Мама в восторге, а я вовсе нет. Плакала моя экономия по рублю в день и планы купить и то, и это!
Но что тут поделаешь: если мама решила, с ней не поспоришь. К тому же я понимаю, как нелегко маме выкручиваться. Мы с братишкой знали цену копейке и не канючили, выпрашивая на сладости, годами лежащие в нашем сельском магазине, слипаясь от времени или каменея, как пряники, которые лавочник дядька Никифор под веселую руку давал таким же взрослым дядькам, как и он сам, разгрызать на спор. Разгрызешь — твое счастье, а нет — гони трешку!
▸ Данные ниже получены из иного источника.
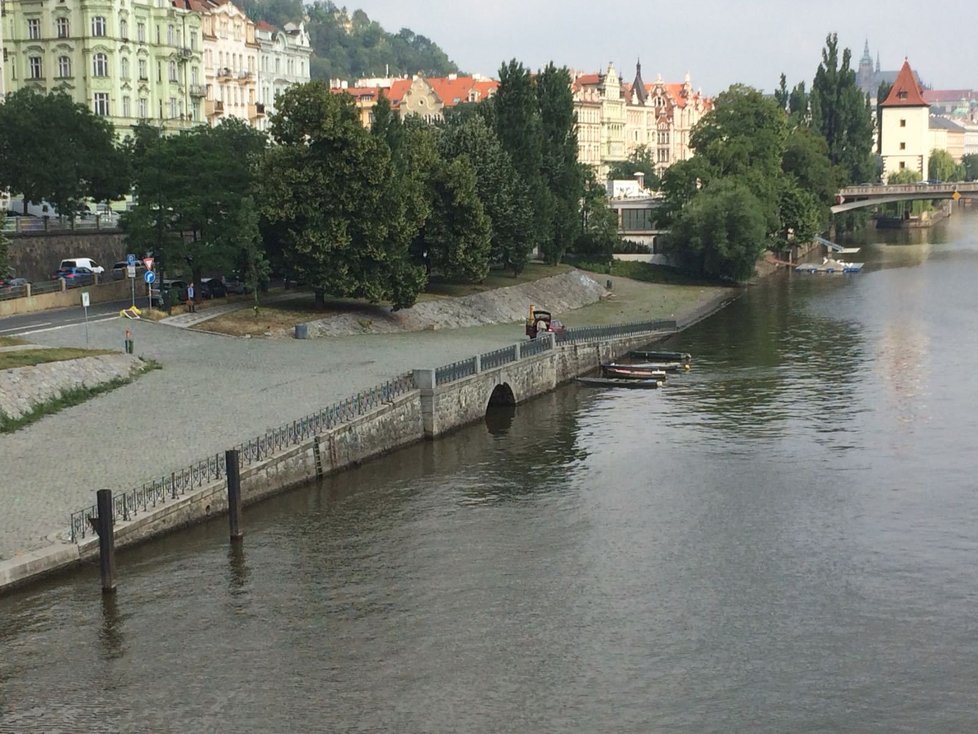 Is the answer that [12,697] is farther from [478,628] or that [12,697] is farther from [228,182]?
[228,182]

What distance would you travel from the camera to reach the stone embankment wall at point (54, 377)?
5528 cm

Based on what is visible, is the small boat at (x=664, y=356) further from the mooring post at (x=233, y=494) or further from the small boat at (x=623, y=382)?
the mooring post at (x=233, y=494)

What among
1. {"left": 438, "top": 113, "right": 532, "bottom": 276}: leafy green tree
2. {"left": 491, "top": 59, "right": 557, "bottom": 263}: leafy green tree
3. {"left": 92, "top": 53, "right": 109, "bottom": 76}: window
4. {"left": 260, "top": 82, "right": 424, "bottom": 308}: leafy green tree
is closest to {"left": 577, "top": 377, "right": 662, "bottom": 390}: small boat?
{"left": 260, "top": 82, "right": 424, "bottom": 308}: leafy green tree

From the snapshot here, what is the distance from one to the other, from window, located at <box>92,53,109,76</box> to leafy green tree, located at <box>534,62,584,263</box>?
34.3 meters

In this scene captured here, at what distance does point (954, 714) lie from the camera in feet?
111

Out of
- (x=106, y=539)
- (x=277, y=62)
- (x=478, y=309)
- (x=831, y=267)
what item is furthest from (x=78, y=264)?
(x=831, y=267)

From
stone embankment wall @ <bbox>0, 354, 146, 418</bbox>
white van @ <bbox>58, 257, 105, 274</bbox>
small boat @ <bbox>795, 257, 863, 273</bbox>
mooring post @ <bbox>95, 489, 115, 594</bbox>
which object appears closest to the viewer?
mooring post @ <bbox>95, 489, 115, 594</bbox>

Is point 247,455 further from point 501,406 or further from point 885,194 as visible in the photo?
point 885,194

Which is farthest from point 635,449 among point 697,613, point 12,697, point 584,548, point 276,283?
point 276,283

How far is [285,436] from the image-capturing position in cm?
5278

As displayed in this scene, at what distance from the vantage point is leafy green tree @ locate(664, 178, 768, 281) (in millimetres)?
123062

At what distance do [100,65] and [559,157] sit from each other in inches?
1469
В такую коммерческую сделку с нами лавочник не вступал. О нас он говорил:
— Этим только дай! Они и камни погрызут!
— И вправду, погрызут, — охотно соглашались наши родители.
Так что ни у кого из нас и в мыслях не было просить у мамы деньги на конфеты или пряники. Деньги — мы это твердо знали — зарабатывают для того, чтобы на них жить, а не тратить на какие-то сладости…
Ладно, попробую кое-что сэкономить на железной дороге. На поездках в город и обратно. И я тайком от мамы решаю задачку.
Итак, билет в один конец — сорок семь копеек. Что ни месяц — шесть выходных. Шесть раз домой, шесть — из дома. Если хоть половину проехать «зайцем», то сколько это получится?
— Два восемьдесят две! — выпаливает Сергунька и с уважением смотрит на меня: подумать только — почти три рубля каждый месяц! — Я тоже скоро вырасту, — с нескрываемой завистью добавляет он. — И тоже в восьмой класс пойду…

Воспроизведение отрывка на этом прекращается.